NEW YORK (TheStreet) -- As General Electric (GE) - Get Report gears up to fight a federal lawsuit attempting to block the $3.3 billion sale of its home-appliance business to Electrolux (ELUXY) , it may get a helping hand from the Maytag Man.
Or more specifically, from a deal involving the company that made the TV commercial character famous: The purchase of Maytag almost 10 years ago by Whirlpool (WHR) - Get Report, which fended off a Justice Department review of the transaction as potentially anti-competitive.
Electrolux shares entered a sustained tailspin when the Justice Department announced its suit on Wednesday, falling 12% by early afternoon on Monday. The September deal had been trumpeted as Electrolux's largest acquisition to date and would have granted North Carolina-based Electrolux North America -- owner of the Frigidaire brand -- broad access into the U.S. market. GE shares were little changed.
The Justice Department contends the deal would harm American families, many of whom view appliances as major purchases, by giving Electrolux unfair sway in the $4 billion-a-year U.S. market for cooking appliances.
Whirlpool, the largest appliance maker in the U.S. faced a similar concern from Justice when it attempted to pick up Newton, Iowa-based Maytag, which ranked third at the time, with roughly 33% of its suitor's $15 billion in sales.
The Justice Department's Antitrust Division eventually determined in 2006 that Whirlpool, based in Benton Harbor, Mich., would not be able to raise prices unfairly, in part because its rivals in the U.S. and abroad were effective counterweights that could increase output and pull prices down.
"There is untapped capacity at the manufacturing plants now operated by current U.S. suppliers, such as GE and Electrolux," the Antitrust Division said at the time.
Today, GE and Electrolux are hoping to play the same cards in the cooking appliance market. Two chief contentions include that U.S. customers have filed no complaints and the probe is based on statistical and unreliable measures of anticompetition, including the Herfindahl index, a financial formula used to derive market shares and common in antitrust law, according to Joe Sims, an antitrust attorney with Electrolux.
"Those of you who are familiar with DOJ complaints will see this is a little unusual," Sims said in a Wednesday media call. "You don't see any quotations from bad documents" or indications of complaints, he said.
Sims said the dispute and numbers are "very similar" to those of Whirlpool and Maytag. The companies hope to resolve the case by the end of this year, according to Sims. GE has said it will "vigorously defend" the deal.
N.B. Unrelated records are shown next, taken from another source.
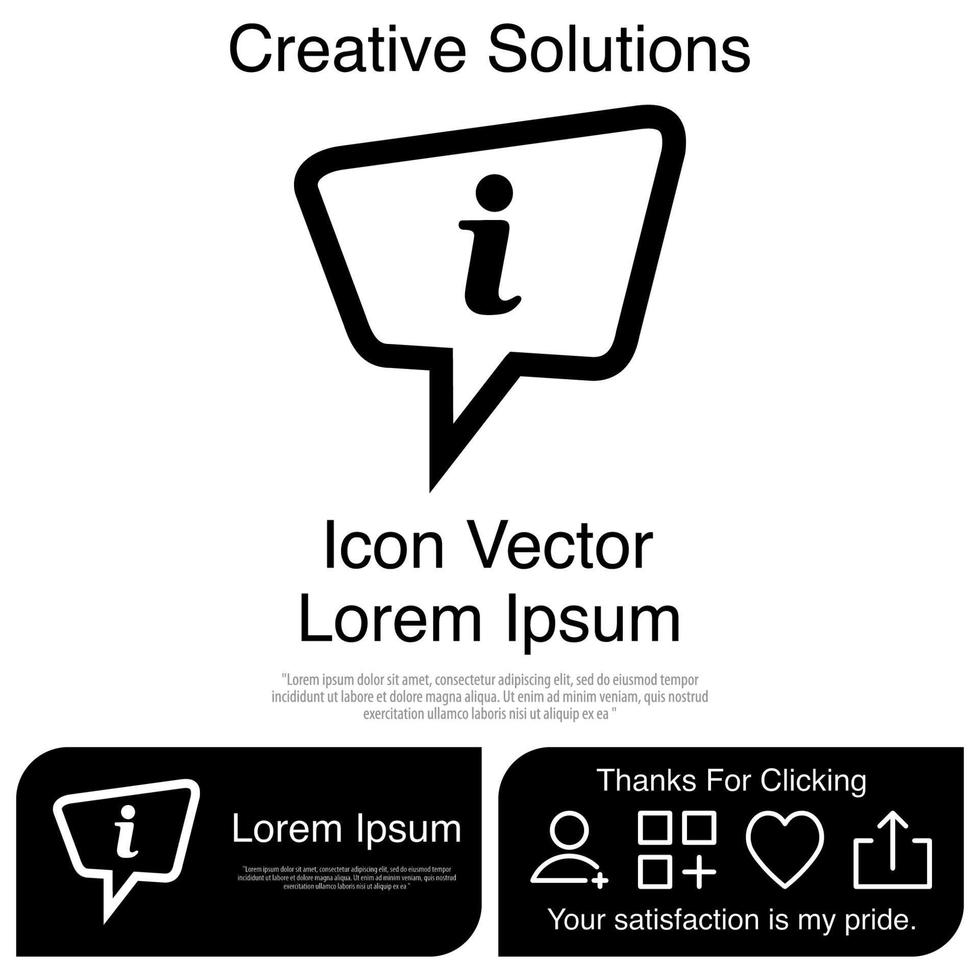 Information Icon EPS 10 vector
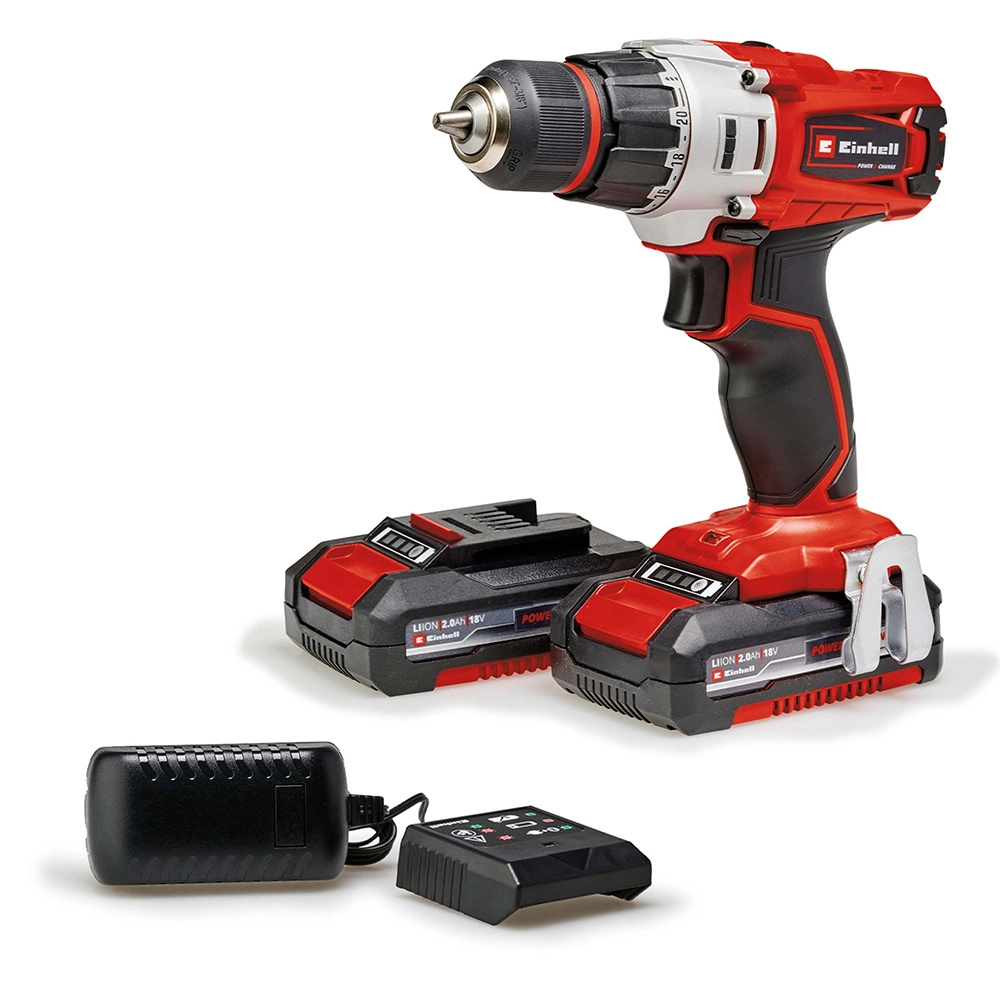 Wiertarko-wkrętarka Einhell TE-CD 18/2 Li (2×2,0 Ah)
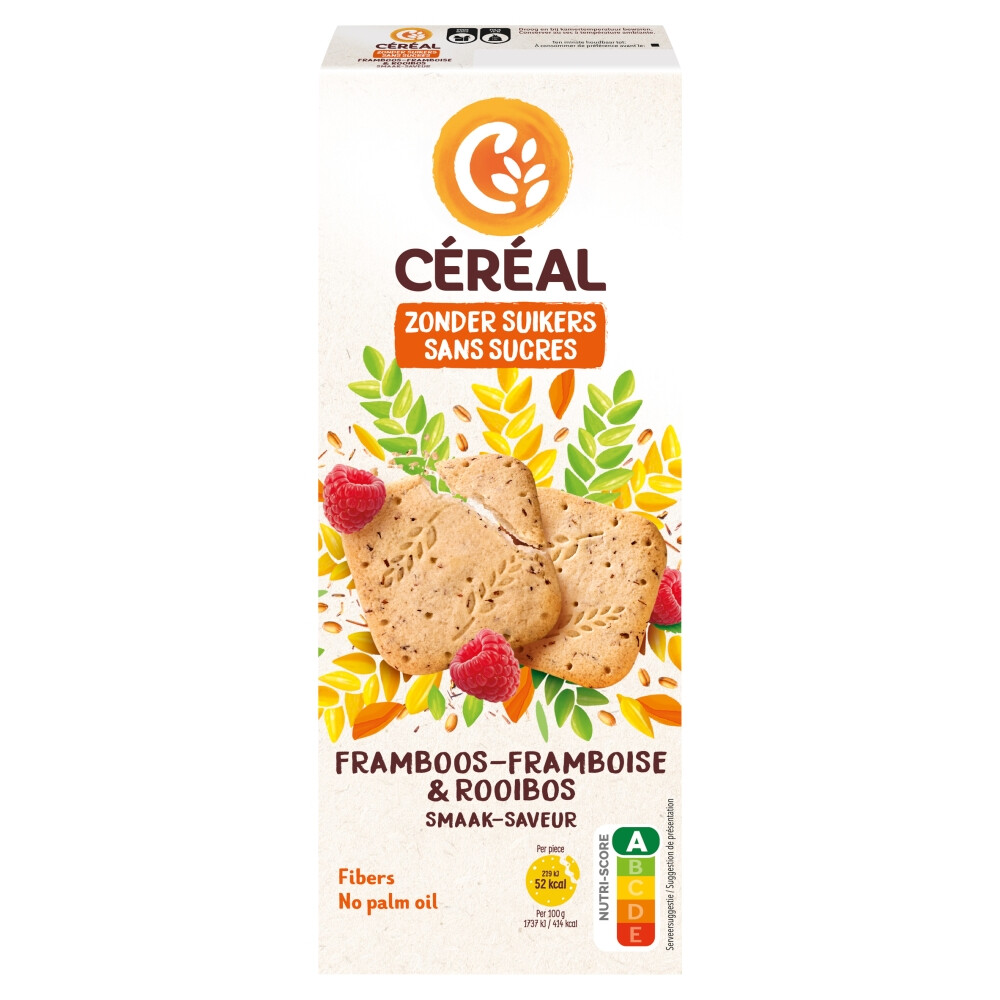 Céréal Koekjes Framboos Rooibos 150 gr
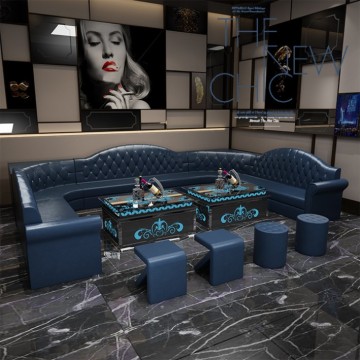 Customized Luxury Bar Club Chesterfield Sofa furniture
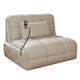 Sena Spring Intelligent plegable Sofá cama eléctrica Integrada 2025 Nuevo apartamento pequeño sala de estar cama plegable para una cama invisible de 1.3 metros cama eléctrica (modelo estándar) modelo de esponja de cuero de garra de gato [sin almacenamiento]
"In the vast majority of cases, companies make concessions and get things to go through," Keith Hylton, a professor with Boston University Law School, said in a phone interview with TheStreet. "If they don't make concessions, they usually drop the merger because it's not worth litigating."
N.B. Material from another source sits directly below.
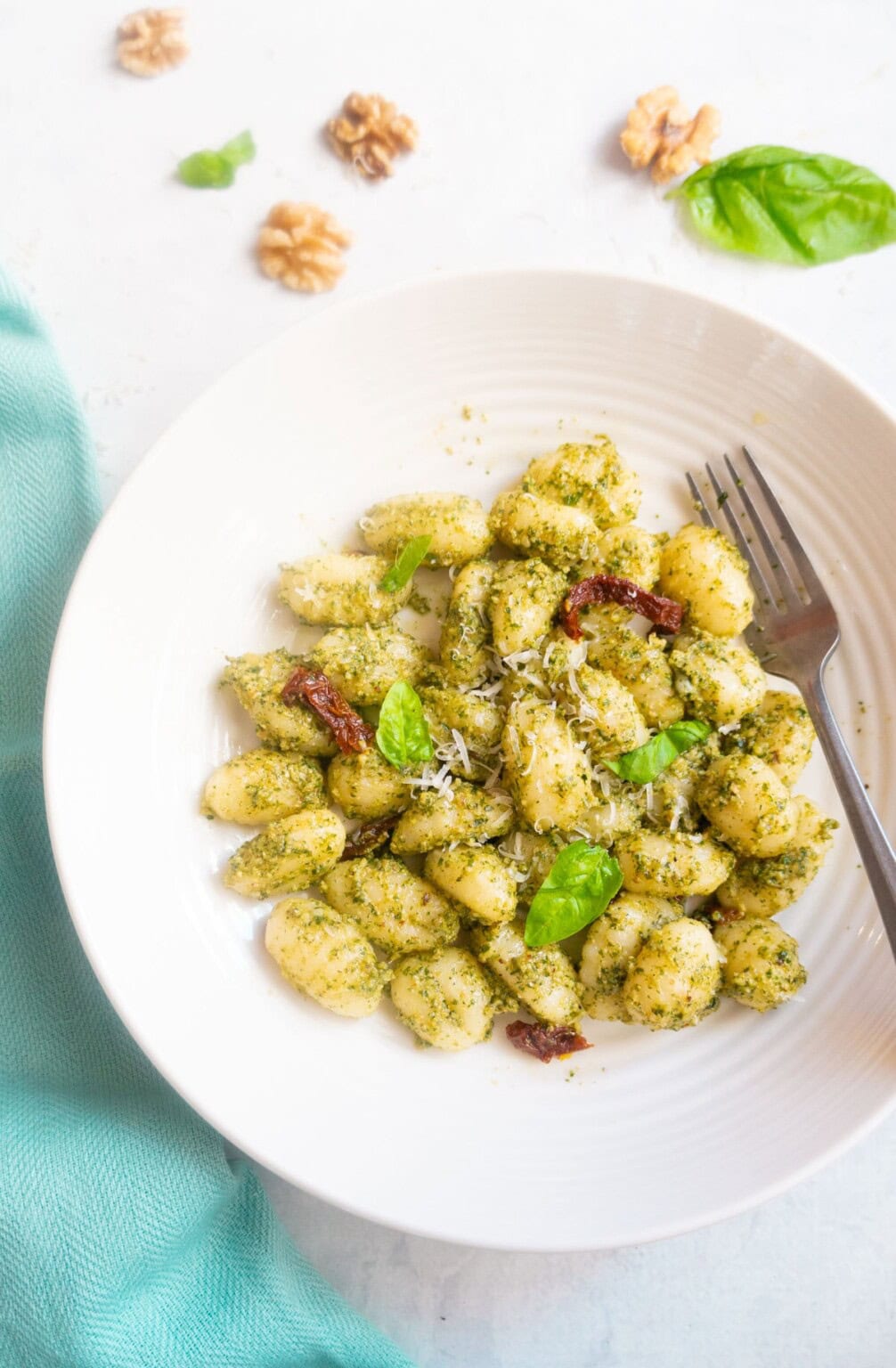 Gnocchi with Basil Pesto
Based on 2013 figures, Whrilpool was the market leader in U.S. appliances, with a 40% share, while Fairfield, Conn.-based GE and Electrolux maintained a combined 37%, according to Nicholas Heymann, an analyst with William Blair.
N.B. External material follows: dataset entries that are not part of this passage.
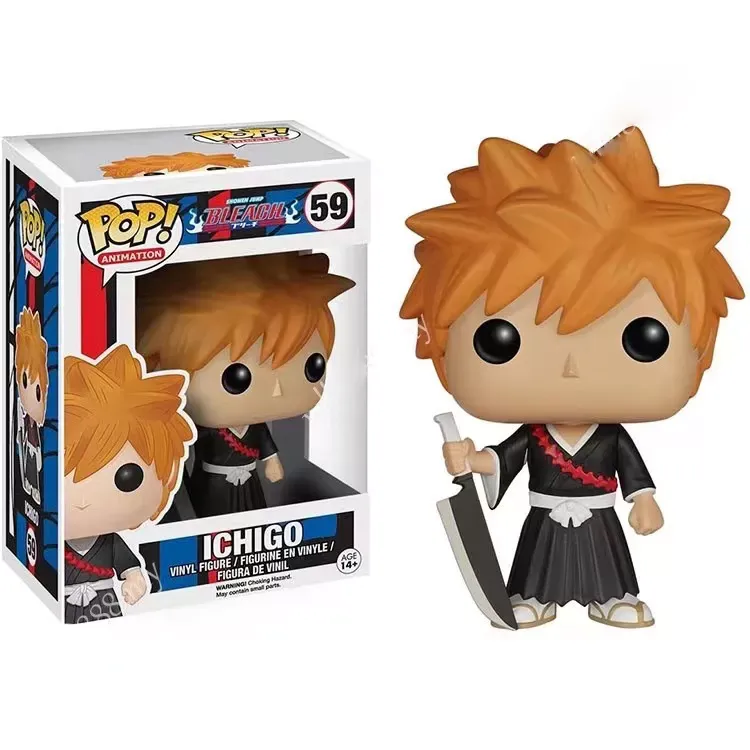 Đồ Chơi Trẻ Em Funko Pop Anime Bleach #59 Ichigo #60 Rukia #96 Hollow Ichigo  Niutou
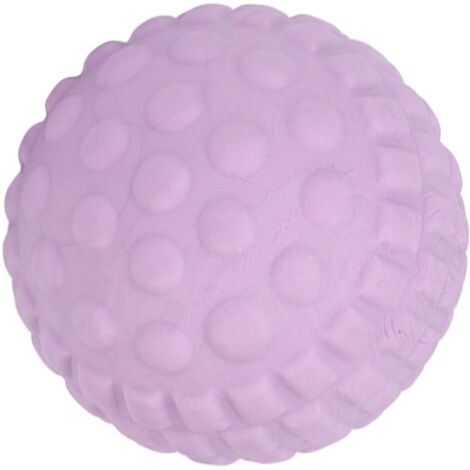 Balle de massage des pieds avec picots - Soulage le stress et la fasciite plantaire - Pour relaxation musculaire - Violette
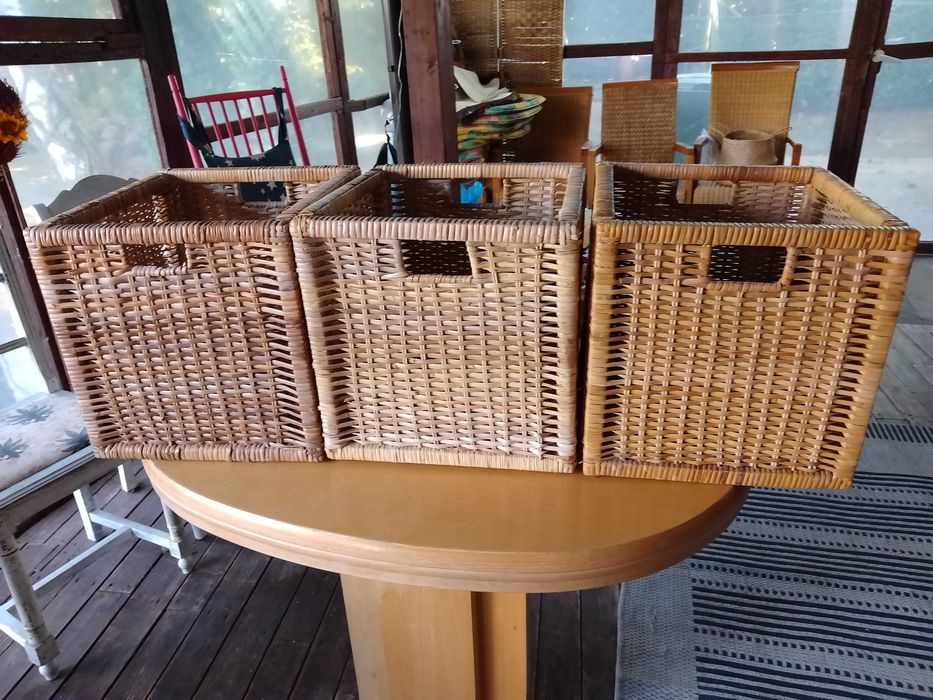 Pudełko, pojemnik ,kosz rattanowy  do przechowywania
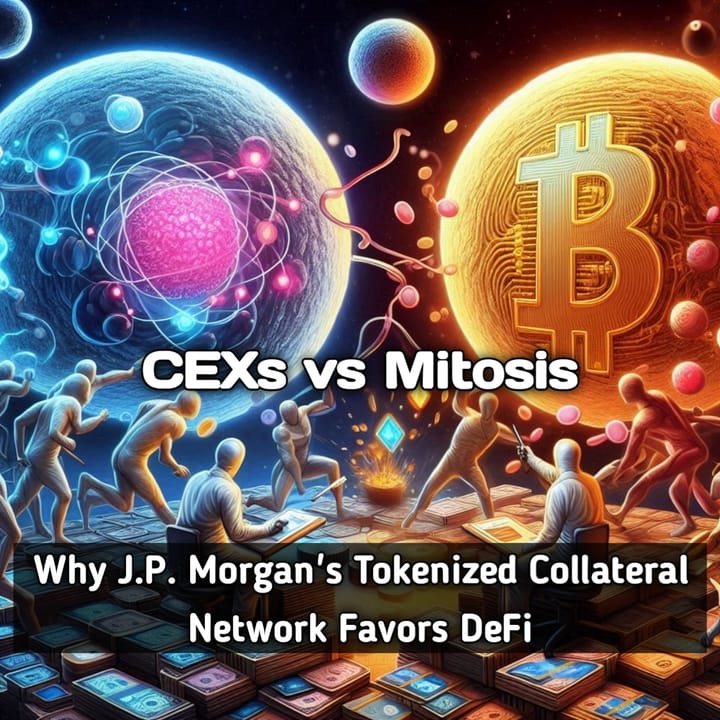 CEXs vs Mitosis: Why J.P. Morgan's Tokenized Collateral Network Favors DeFi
"I'm scratching my head trying to figure out what this is all about," he said in a phone interview. The Justice Department "obviously approved Whirlpool's ability to amalgamate, and Maytag's and many others, on the basis of the rising global nature of supply to the U.S. market. Things like this should be evaluated on a global basis."
While the market shares have been disputed, the federal suit alleges that Electrolux, GE and Whirlpool are the clear market leaders for U.S. home appliances, with GE and Electrolux alone constituting 90%. Electrolux said thate figure is a vast overestimate.
A key argument in GE's favor will be the increasingly global nature of the market, said Hylton.
"It includes other competitors and larger geographical scope than the DOJ is looking at and that includes many more firms around the world and other types of suppliers that ought to be taken into consideration," he said.
General Electric and Electrolux will also aim to convince federal regulators that a merger would benefit U.S. households, as a combined entity could increase efficiency and perhaps offer cheaper prices at the counter, Hylton said.
"With every merger that gets challenged, those are the two main parts," he said. "Increasingly it's the consumer-benefit argument that firms will have to rely on because market competition arguments are too unreliable."